Opening with Jack receiving a postcard informing him of the death of his mother and the possibility of buried treasure in San Clemente, Jack enlists the help of his constant partner in crime Scotti to escape the small-town life and follow their dreams for greatness. However, before Jack and Scotti can depart, they are intercepted by local crime boss “King George” (Linda Hamilton) and her baseball-bat-wielding daughter “Blue Eyes” (Susan Gordan). “King George” informs the two friends that she and “Blue Eyes” will be joining our two outlaws on their journey and will be taking the treasure for themselves. After giving “King George” the slip, Jack and Scotti find themselves on the run from cops and criminals alike with thousands of miles between them and safety.
“Jack enlists the help of his constant partner in crime Scotti to escape the small-town life and follow their dreams for greatness…”

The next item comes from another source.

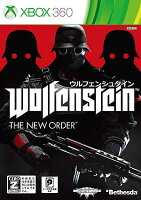 Wolfenstein The NEW ORDER Xbox360版の画像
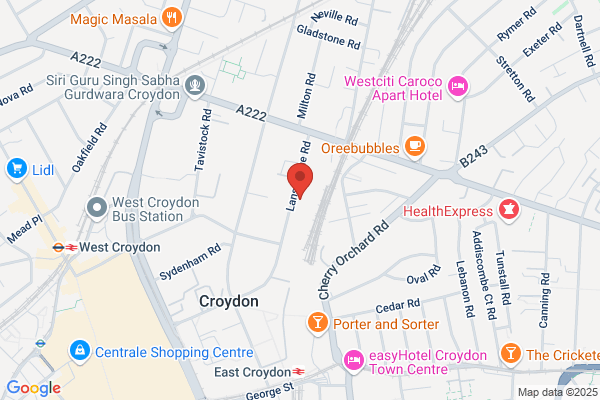 Volkswagen (Croydon)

The odyssey continues as the two criminals take Collin (Cory Dumsnil), a store patron, hostage in a robbery gone wrong. However, after a short time on the road, Collin decides to join in hopes of escaping his mundane nine-to-five life. While on the road, “the Red, White, and Blue Bandit” and “the Apache Warrior” – their outlaw names – draw the attention of every law officer in the Southwest. Climaxing in a desert showdown between Blue Eyes and the boys, the film exudes classic baseball and classic western themes from start to credits.

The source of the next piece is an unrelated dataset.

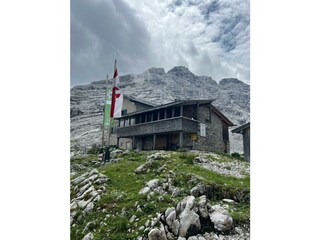 Schmidt Zabiero Hütte
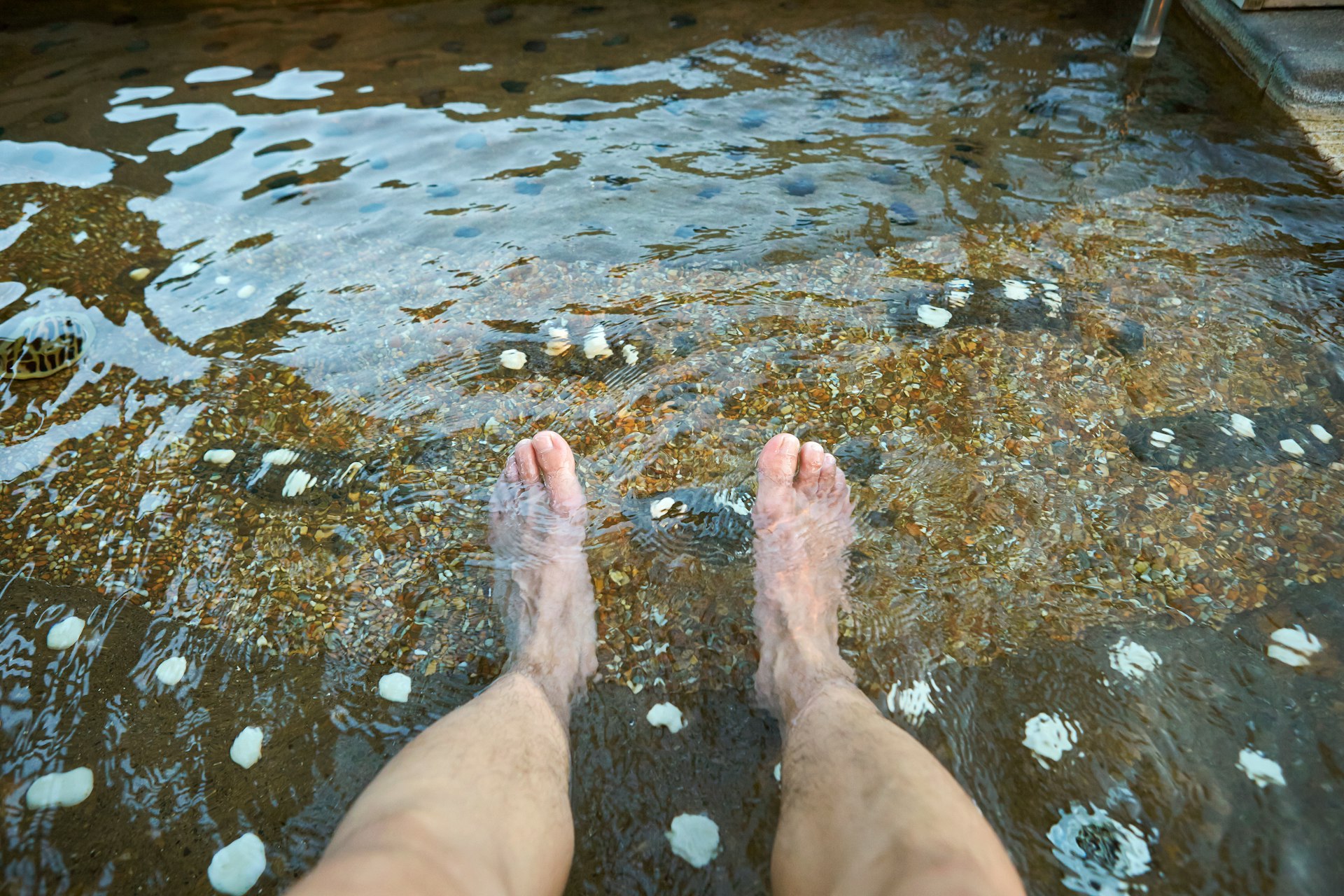 How to visit a Korean bathhouse for the first time - Lonely Planet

The chemistry between Ben Matheny and Matthew Paul Martinez is unmistakable throughout the film. The two bicker and scheme like best friends from long before the days of Jack and Scotti’s criminal enterprises. Jack and Scotti are, by no means, meant to be world-class criminals. When they talk about robberies or run-ins with the police, they sound more like high school students bragging to their friends than hardened criminals, but it adds so much flavor to the story and gives the film most of its charm. The film does an excellent job of giving the story a feel of a classic drive-in car adventure, so much so that Jack’s classic car is nearly a fourth member of their gang of outlaws. These themes of friendship and the open road paired with a Spaghetti western make the film a fun and fast-paced adventure, in search of more than treasure but striking out on your own in a crazy world.
I found this film to be a fun ride from coast to coast. The soundtrack highlights each haphazard robbery and gives life to some of the softer moments where characters begin to open up to one another. However, I will fully admit your enjoyment of this film is largely dependent on how charming you find Jack and Scotti. There are moments the two verges on a scaled-down Jay & Silent Bob or a macho Thelma & Louise, but for the majority of the film, the two come across as semi-competent friends trying to talk their way out of detention or – in this case – death. The film takes a while to get into, but if you go in expecting a throwback to grindhouse adventure films or a Black Keys-esque western, this will be worth the watch.
"…chronicles the cross-country trek of small-time criminals...as they search for treasure and freedom on the wild, open road."